The National Campaign Against Corruption, spearheaded by non-governmental organization Lalenok Ba Ema Hotu (LABEH), will use local radio and community-level meetings to raise awareness of corruption issues in East Timor’s 13 districts, says Christopher Samson, LABEH executive director. The campaign will have a 'powerful and positive impact on the government' he says, because 'only a fool will steal when the people are watching him'.
'We will distribute it to the people so that people can listen to what is happening in their own district to give them the power and awareness that something is happening in the country,' he told IPS.
Students, journalists, members of the public and representatives from non-governmental organizations gathered at the LABEH office in the Comoro neighbourhood for the campaign launch and a discussion about corruption.
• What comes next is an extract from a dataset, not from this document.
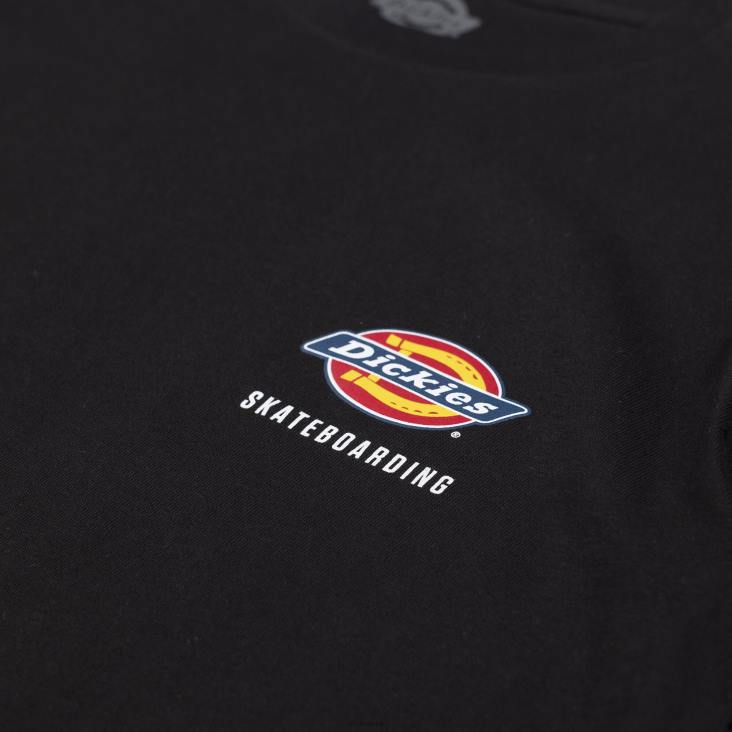 Heren Dickies skateboarden regular fit T-shirt met logo op de borst zwart (kbk) kleding 6F0X860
Samson says that by raising awareness of corruption at the community level, would-be wrongdoers will think twice before breaking the law.
'As soon as the television shows that LABEH has launched a national campaign on anti-corruption they will say, ‘Oh! Something is happening everybody knows about this.’ It will make them think just for a while and we will see what steps the government will take,' Samson said.
East Timor’s government has come under fire with allegations of corruption, while the opposition FRETILIN party has called for the prime minister and key government ministers to resign or be fired.
On Aug 6, FRETILIN parliamentary leader Aniceto Guterres said Minster of Justice Lucia Lobota and Minister of Finance Emilia Pires must go after a damning report by East Timor’s Ombudsman of Human Rights and Justice (PDHJ) Sebastiao Ximenes alleged the pair had been involved in corrupt dealings.
The justice minister made headlines last year amid allegations she gave inside information to business people vying for justice ministry contracts to build a new wall and supply uniforms at Becora prison.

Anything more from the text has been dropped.